1934年7月4日公布的《储蓄银行法》第七、八条规定,储蓄银行对于农村合作社之质押放款和以农产物为质押放款不得少于存款总额五分之一。针对这一规定,近代学者认为:“1934年7月4日公布的储蓄银行法第七条一二三四五六各款所规定者均已履行,所少者不过七八两款而已。但欲达运用资金使之流入内地,非履行第七八两款不为功,立法当局所以在第八条中有‘储蓄银行对于前条第七款及第八款之放款总额,不得少于存款总额五分之一’之规定。”[5]
以单个储蓄银行的实力执行农贷最高限额的规定,实在勉为其难,如果强制执行,那么储蓄银行将不得不从惯常经营的城市业务中抽取资金,对不太熟悉而有较大风险的农村进行投资,这势必提高它的经营成本,降低全社会资金配置的效率。因此,近代学者倡议组建能有效分摊放款成本的“农村贷款联合团”,以此来回应农贷最高限额的相关法规。盛宪民指出:“以一般之储蓄银行而言,其业务之范围,基金会之多寡,开办之历史与其能贷放资金之数额等等,以与中国上海等银行相较,可得同日而语乎!一般储蓄银行若不联合,而单独进行农村放款必感诸多不便且对于银行本身,亦至为不利。故应组织一个强有力的农村贷款联合团,系履行国民政府所颁布之储蓄银行法第七条中之七八两款之规定,以挽救垂危之中国,以繁荣农村为宗旨。”[6]王维骃也认为组织联合农村贷款机关是保证农村贷款的有效方式:“组织联合农村贷款机关,鄙意以为现在各银行除农民银行外,对于调剂农村金融,只能致以余力。因各银行均另有其主要业务,不能以全力办理农村贷款事务,而此种事业却非集有巨厚之财力不可。以中国之大,农民人数之多,似非一二银行之力,所可收效。故上海银行界似应速即组织联合贷款机关,其投资方法,不妨各尽其力。”他还进一步设想了联合农村贷款机关的内部运作方式:“或直接按照银行内容摊派资金,只以不妨碍其本身基础为原则。设有自愿增加,自属多多益善。贷款事务,可另行组织联合农村总分机关办理之。将来利益损失,即按照各行投资额比例分配。此种办法,集款既易,对于投资银行本身,亦无危险。即使一旦不幸,放款全趋呆滞,或竟不能收回,亦因投资之时,系量力分配,自不致影响其主要业务。况事实上如果办理得法,结果决不至此。”[7](www.daowen.com)

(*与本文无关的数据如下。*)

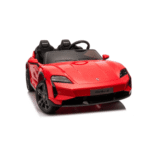 Лицензирана акумулаторна кола Porsche Taycan Turbo S, 24V7Ah, 200W, EVA гуми, МP3 - Image 2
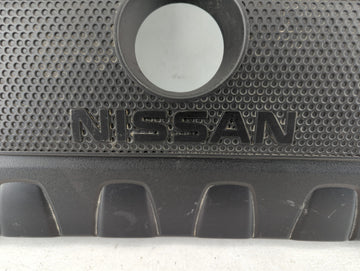 2016 Nissan Sentra Engine Cover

有学者认为:“普通以牟利为目的而并无满腔热诚的放款银行,恐怕难以责其负起这个重大担子!必须以毅力与热诚为唯一条件罢了。这期间政府必须负一种责任,就是要斟酌历史与环境关系,划分区域,指定银行,界以事权,科以责任,能收专责而平均发展的良好效果!”[8]南京国民政府亦试图引导银行行为,通过上述法规强制储蓄银行抑制自身利益为公众利益服务,对农村提供某种形式的补贴。在农村经济崩溃、资金奇缺的时期,以“道义劝告”的形式推出这样的政策,目的在于以政治力量激发并培植经济力量,但是,在政府控制力较弱、中央银行制度不健全以及监督成本高昂的情况下,对商业性机构的市场行为进行管制是困难的,这一政策难以发挥效力。